7.Acknowledgments. By signing this Agreement below, Employee hereby acknowledges as follows:
(a)Sufficiency of Consideration. The consideration received by Employee in Sections 3 and 6(a) of this Agreement in exchange for the release contained in Section 5 and the other promises contained in this Agreement, are greater in value than anything else which Employee may have otherwise been entitled under any existing Company separation, benefit or compensation policy if Employee did not execute this Agreement.
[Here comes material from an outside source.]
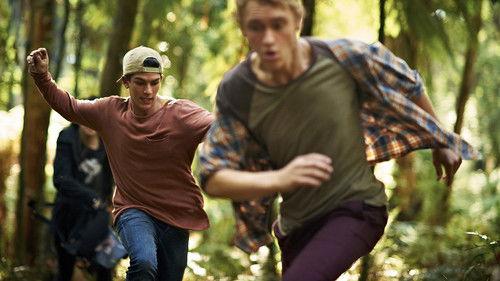 Nowhere Boys Season 1 Episode 1 - Episode 1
(b)No Other Wages or Benefits Due. Except as described in this Agreement, Employee has been paid all wages and attendant benefits due Employee from the Company in consideration of the services Employee rendered for the Company during the period prior to his execution of this Agreement, including, but not limited to, vacation pay, sick or disability pay, overtime pay, holiday pay, expense reimbursement (except for up to $2,500 in expenses incurred prior to the Execution Date but not yet reimbursed and which shall be reimbursable in accordance with the Company’s regular practices), bonuses, and any and all monetary or other benefits that are or were due Employee pursuant to policies of the Company in effect prior to his execution of this Agreement.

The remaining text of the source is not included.